How to use pandas for data visualization and exploratory analysis
Introduction:
In the process of data analysis, visualization and exploratory analysis are indispensable link. Pandas is a very powerful data analysis library in Python. In addition to data processing functions, it also provides a series of tools for data visualization and exploratory analysis. This article will introduce how to use pandas for data visualization and exploratory analysis, and give specific code examples.
1. Data visualization
1. Line chart
The line chart is a commonly used data visualization method that can be used to show the trend of data changes over time. Drawing a line chart using pandas is very simple, just call the plot method of DataFrame. The following is a sample code:
import pandas as pd # 创建一个DataFrame data = {'日期': ['2020-01-01', '2020-01-02', '2020-01-03', '2020-01-04'], '销售额': [100, 200, 150, 180]} df = pd.DataFrame(data) # 将日期列转换成日期类型 df['日期'] = pd.to_datetime(df['日期']) # 设置日期列为索引 df.set_index('日期', inplace=True) # 绘制折线图 df.plot()
2. Histogram
The histogram is a common visualization method for comparing different categories of data. Similarly, it is very simple to draw a histogram using pandas.
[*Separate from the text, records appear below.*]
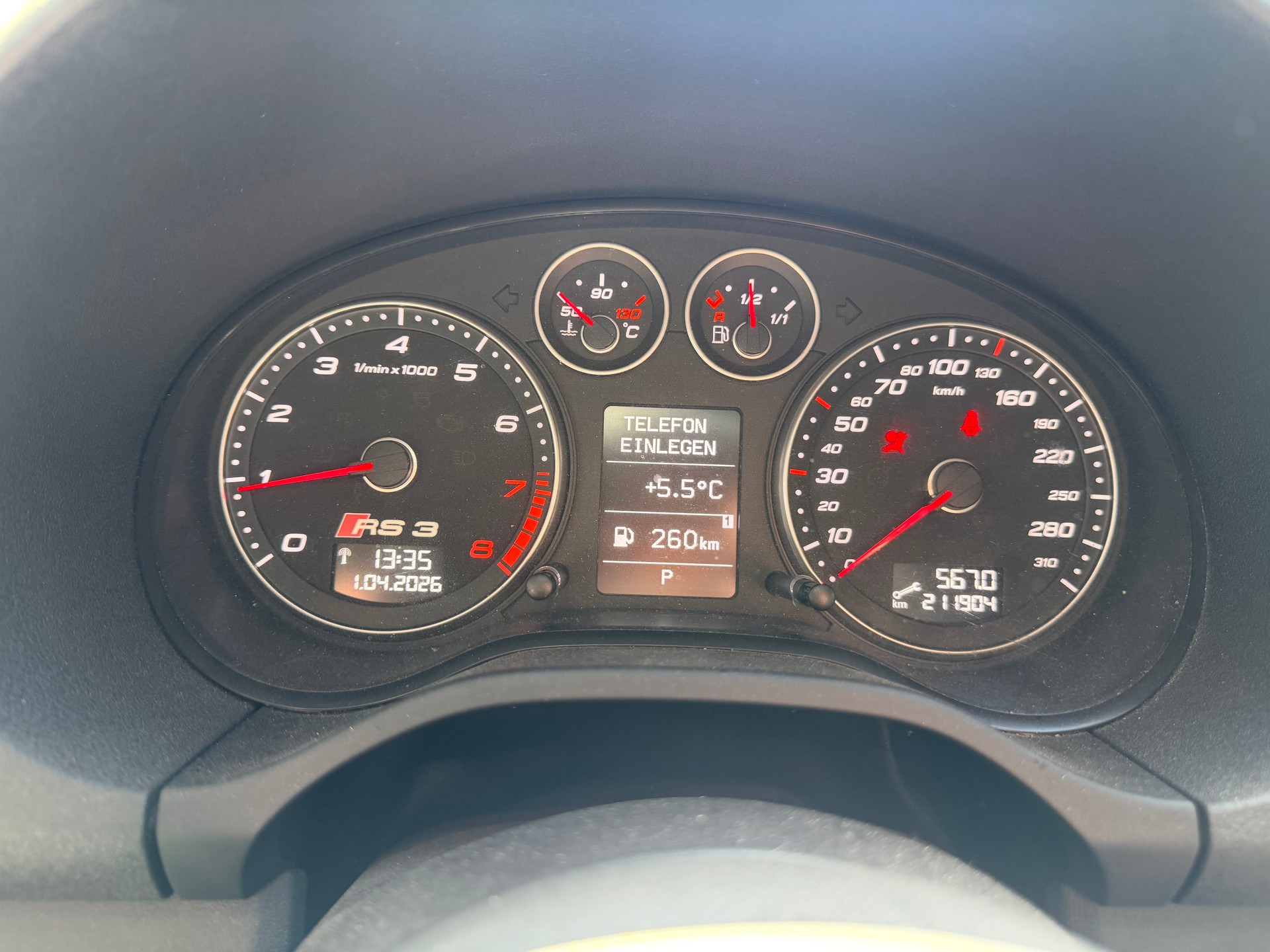AUDI RS3 Sportback 2.5 TFSI quattro S-tronic-image-6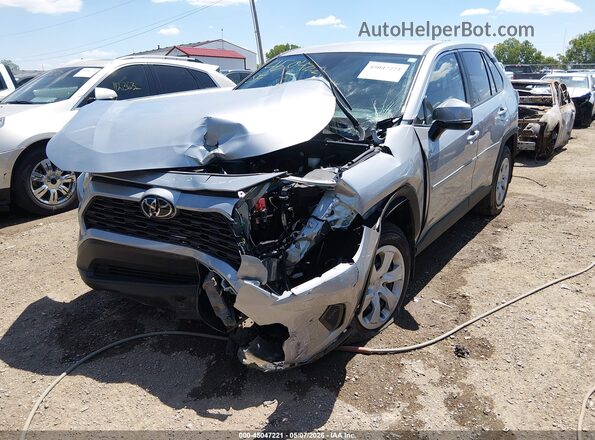 2T3G1RFV4SW531476 2025 TOYOTA LE Silver წინა მარცხენა ხედი სამი მეოთხედიდან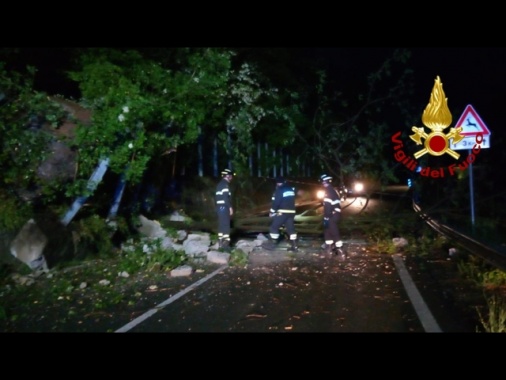 Maltempo: frana sulla strada, chiusa statale in Liguria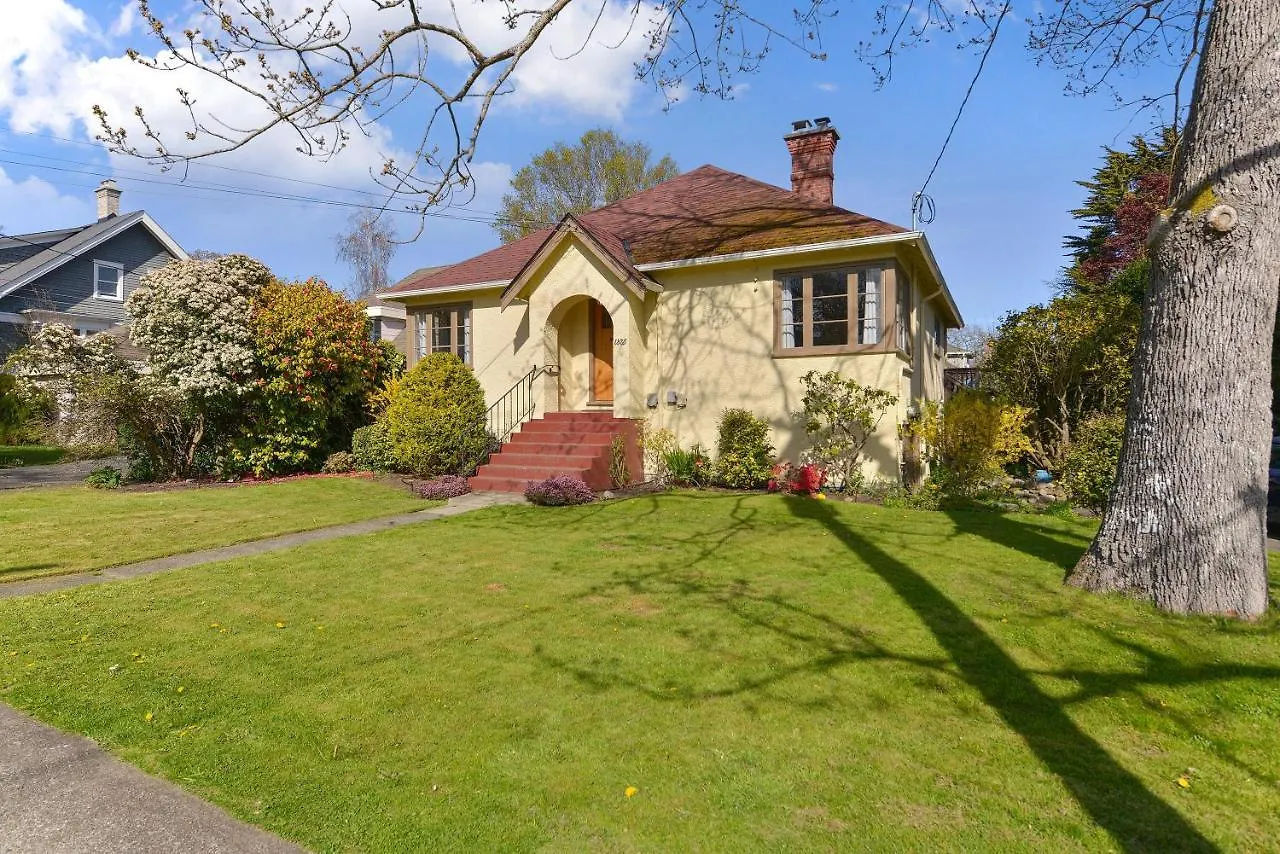 Holiday home Oak Bay Village Villa Victoria Canada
You only need to call the plot method of DataFrame and set the kind parameter to 'bar'. The following is a sample code:
import pandas as pd # 创建一个DataFrame data = {'城市': ['北京', '上海', '广州', '深圳'], '人口': [2152, 2424, 1348, 1303]} df = pd.DataFrame(data) # 设置城市列为索引 df.set_index('城市', inplace=True) # 绘制柱状图 df.plot(kind='bar')
3. Scatter plot
Scatter plots are often used to show the correlation between two numerical variables. Pandas also provides the function of drawing scatter plots. The following is a sample code:
import pandas as pd # 创建一个DataFrame data = {'体重': [65, 75, 58, 80, 68], '身高': [175, 180, 160, 190, 170]} df = pd.DataFrame(data) # 绘制散点图 df.plot.scatter(x='身高', y='体重')
2. Exploratory analysis
1. Basic statistical analysis
pandas provides a series of methods for basic statistical analysis, such as mean, median, min, max wait. The following is a sample code:
import pandas as pd # 创建一个DataFrame data = {'姓名': ['张三', '李四', '王五', '赵六'], '年龄': [18, 20, 22, 24], '身高': [170, 175, 180, 185]} df = pd.DataFrame(data) # 输出年龄的平均值、中位数、最小值、最大值等统计量 print('平均年龄:', df['年龄'].mean()) print('年龄中位数:', df['年龄'].median()) print('最小年龄:', df['年龄'].min()) print('最大年龄:', df['年龄'].max())
2. Correlation analysis
Commonly used methods include correlation coefficient and covariance. The following is a sample code:
import pandas as pd # 创建一个DataFrame data = {'体重': [65, 75, 58, 80, 68], '身高': [175, 180, 160, 190, 170]} df = pd.DataFrame(data) # 计算体重和身高的相关系数和协方差 print('相关系数:', df['体重'].corr(df['身高'])) print('协方差:', df['体重'].cov(df['身高']))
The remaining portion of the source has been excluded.